AVAILABLE DATA:
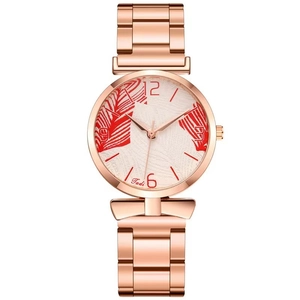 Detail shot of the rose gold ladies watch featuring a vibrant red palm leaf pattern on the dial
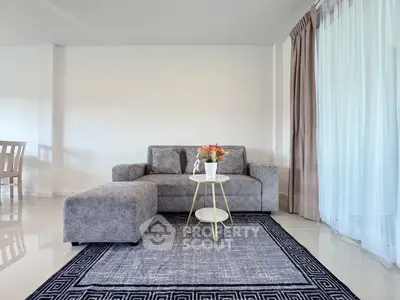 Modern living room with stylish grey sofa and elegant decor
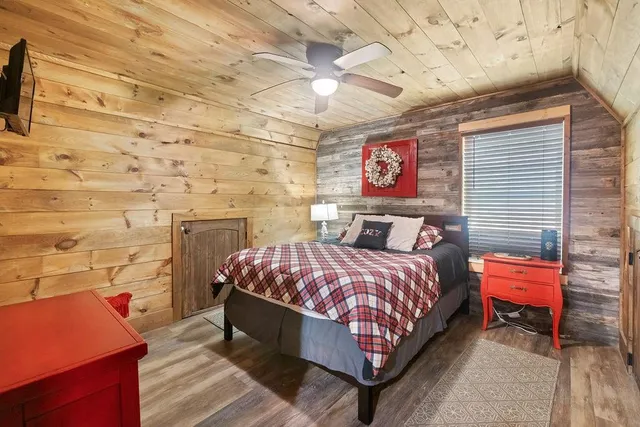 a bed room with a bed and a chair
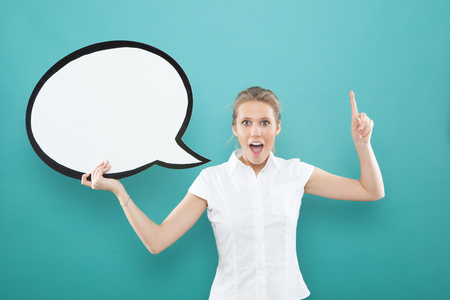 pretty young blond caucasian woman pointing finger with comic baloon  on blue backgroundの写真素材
...
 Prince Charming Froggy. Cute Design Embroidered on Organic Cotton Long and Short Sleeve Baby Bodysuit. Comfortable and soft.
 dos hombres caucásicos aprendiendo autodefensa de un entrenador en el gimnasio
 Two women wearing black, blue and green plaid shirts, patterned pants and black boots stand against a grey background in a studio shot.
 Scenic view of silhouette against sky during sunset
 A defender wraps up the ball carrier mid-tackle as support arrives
* * *
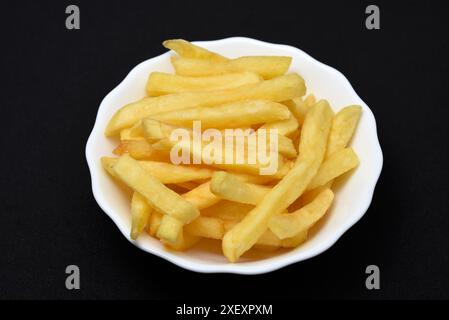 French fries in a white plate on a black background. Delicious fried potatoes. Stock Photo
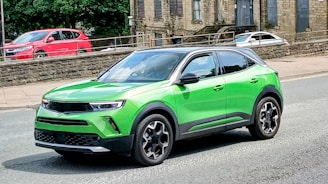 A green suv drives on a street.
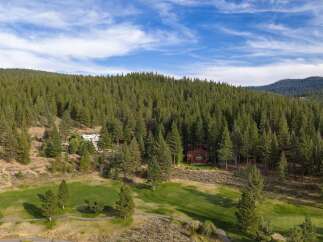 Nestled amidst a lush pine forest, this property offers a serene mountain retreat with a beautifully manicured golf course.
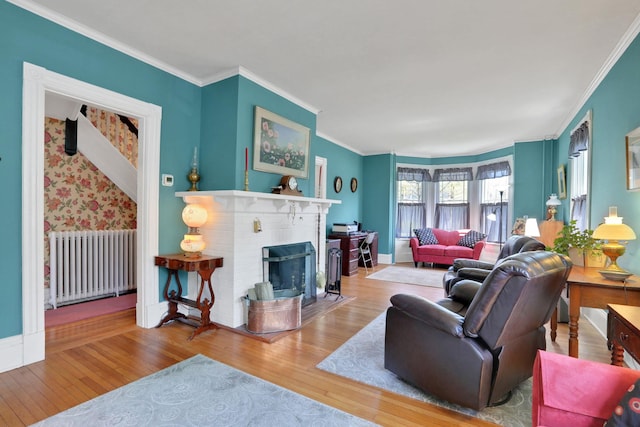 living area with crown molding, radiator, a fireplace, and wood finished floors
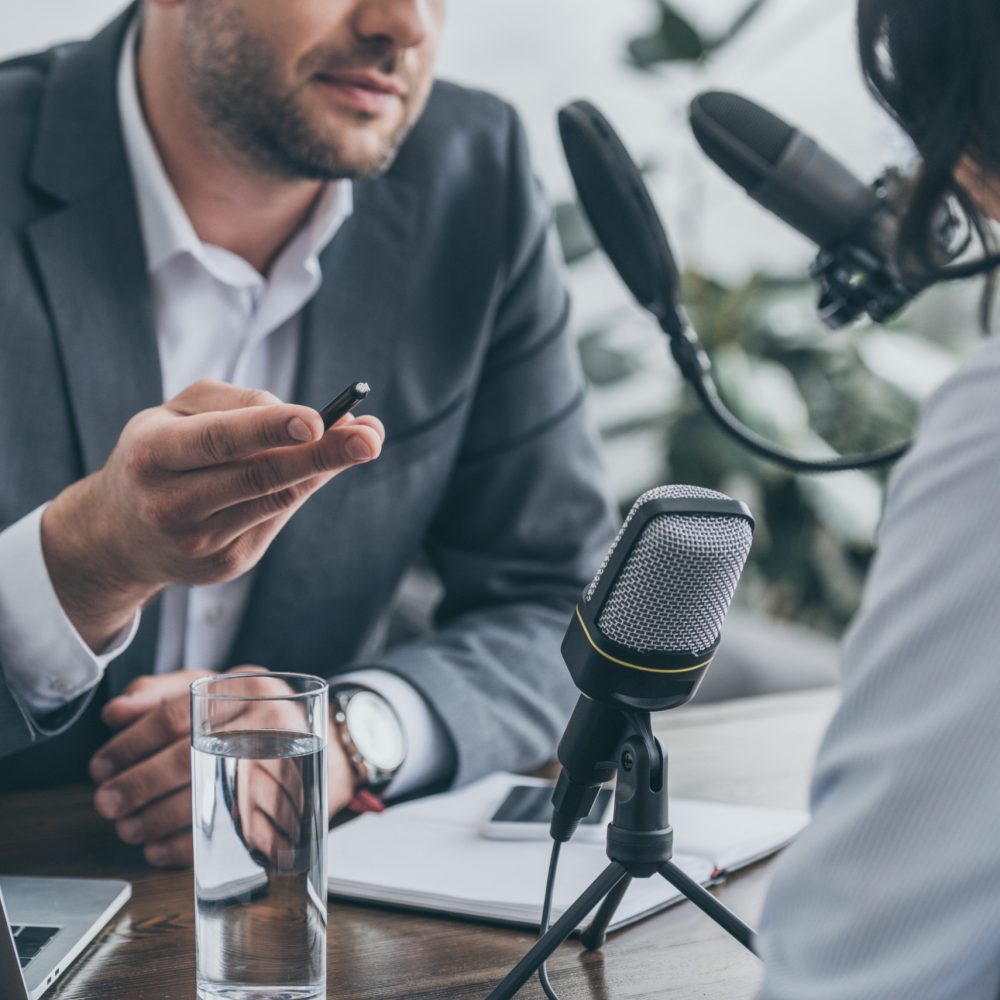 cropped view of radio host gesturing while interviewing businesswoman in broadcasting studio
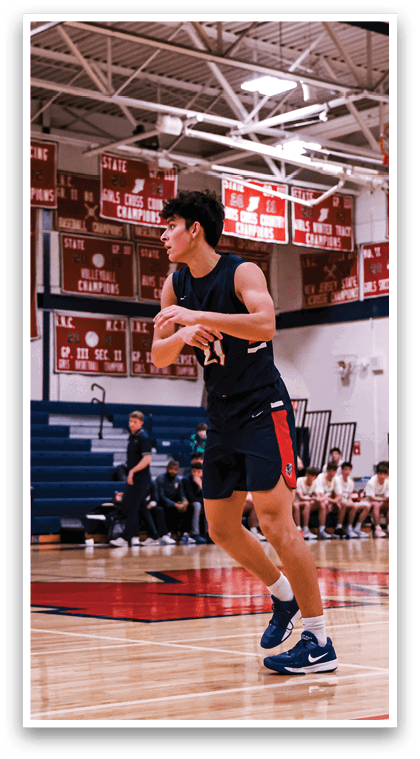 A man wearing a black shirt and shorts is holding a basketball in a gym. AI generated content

PROBLEM DESCRIPTION: In the listing above, locate the line containing "Scenic view of" and the line containing "A defender wraps". Extract those two lines and every line between them, exactly as written, and only those.

EXERCISE OUTPUT:
 Scenic view of silhouette against sky during sunset
 A defender wraps up the ball carrier mid-tackle as support arrives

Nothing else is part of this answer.